TASK ITEM: Every line from the start of the records through the line with "Silversmithing for Jewelry" is to be written out exactly; pictures are not.

LISTED RECORDS:
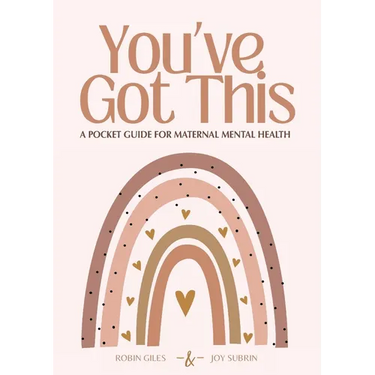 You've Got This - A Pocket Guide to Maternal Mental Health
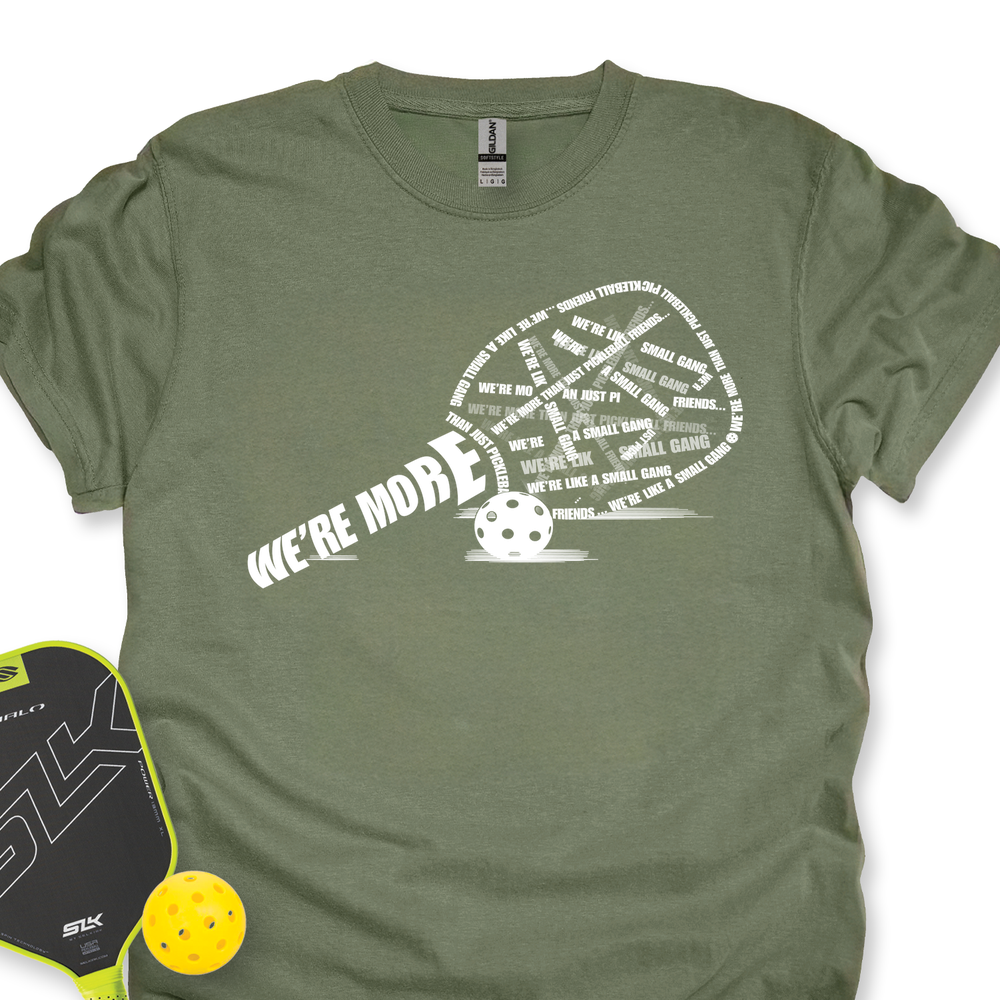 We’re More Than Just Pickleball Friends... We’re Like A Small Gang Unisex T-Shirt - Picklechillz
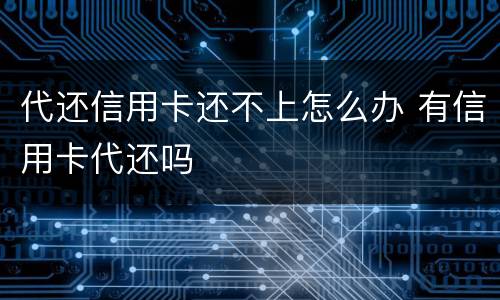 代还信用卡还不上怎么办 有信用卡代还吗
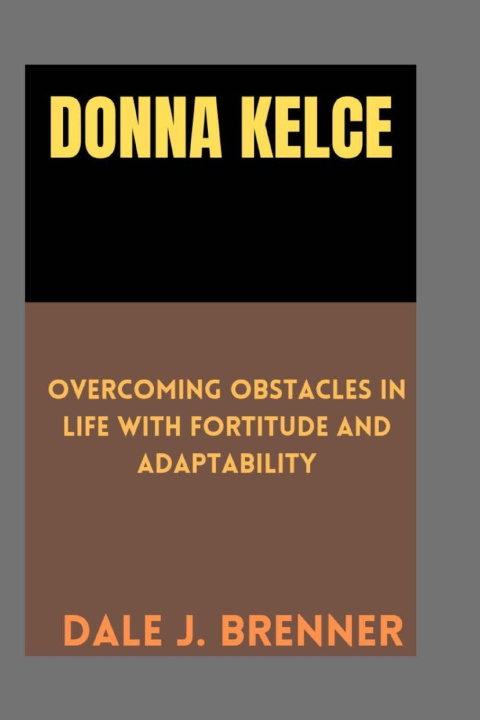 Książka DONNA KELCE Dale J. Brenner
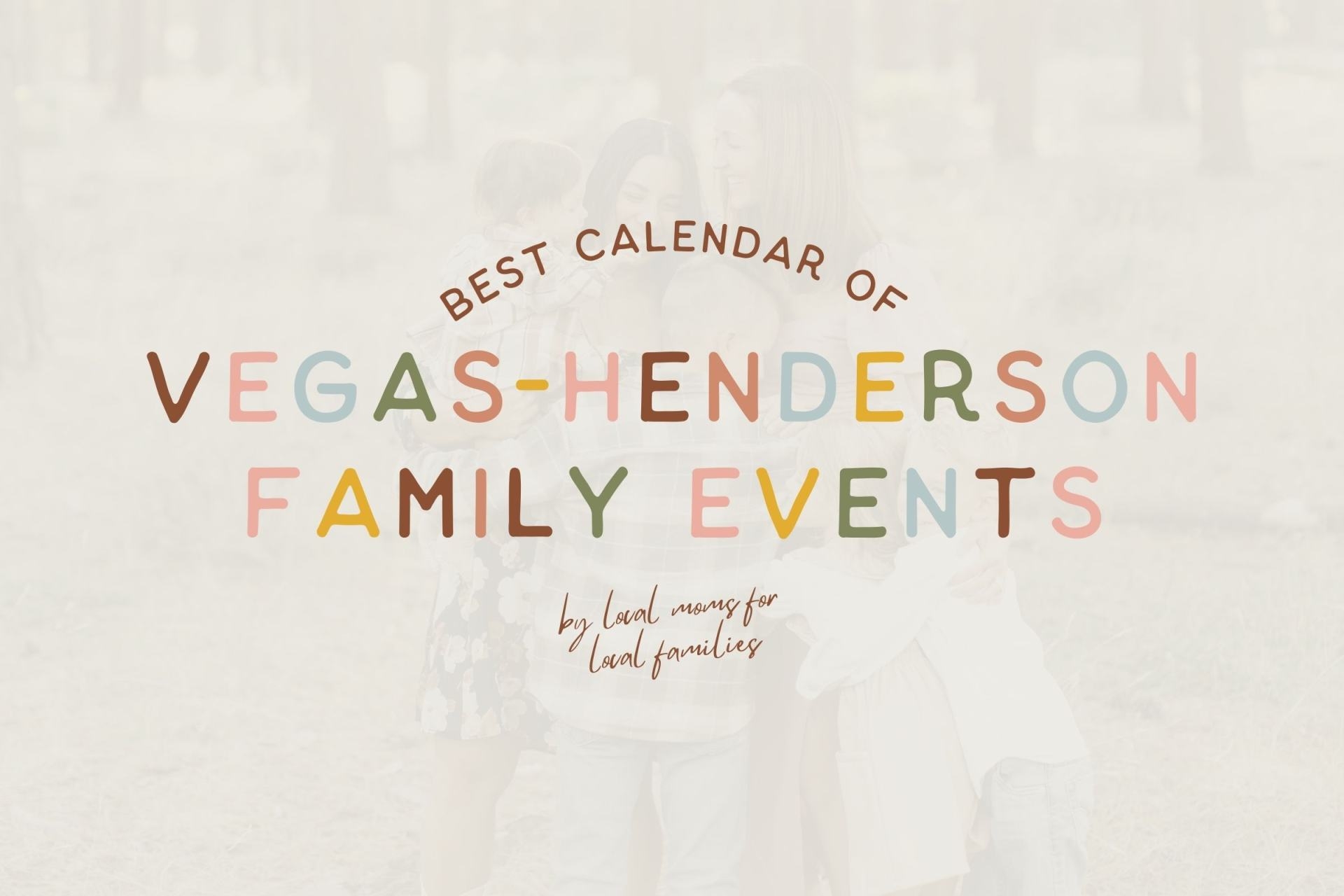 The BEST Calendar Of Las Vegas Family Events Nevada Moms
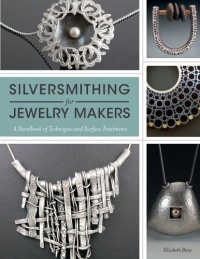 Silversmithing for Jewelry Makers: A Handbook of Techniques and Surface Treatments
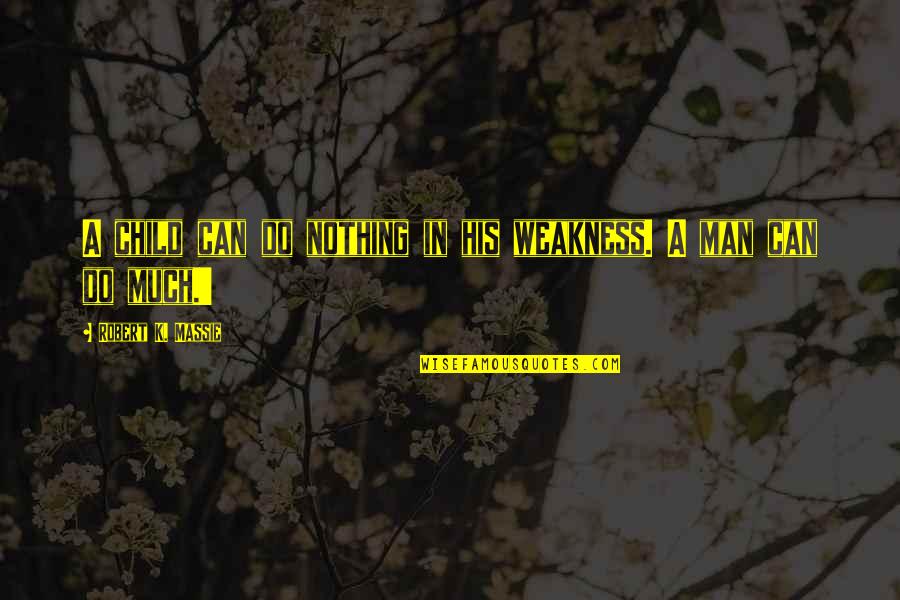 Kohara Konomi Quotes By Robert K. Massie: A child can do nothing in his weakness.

RESULT FOR THIS TASK:
 You've Got This - A Pocket Guide to Maternal Mental Health
 We’re More Than Just Pickleball Friends... We’re Like A Small Gang Unisex T-Shirt - Picklechillz
 代还信用卡还不上怎么办 有信用卡代还吗
 Książka DONNA KELCE Dale J. Brenner
 The BEST Calendar Of Las Vegas Family Events Nevada Moms
 Silversmithing for Jewelry Makers: A Handbook of Techniques and Surface Treatments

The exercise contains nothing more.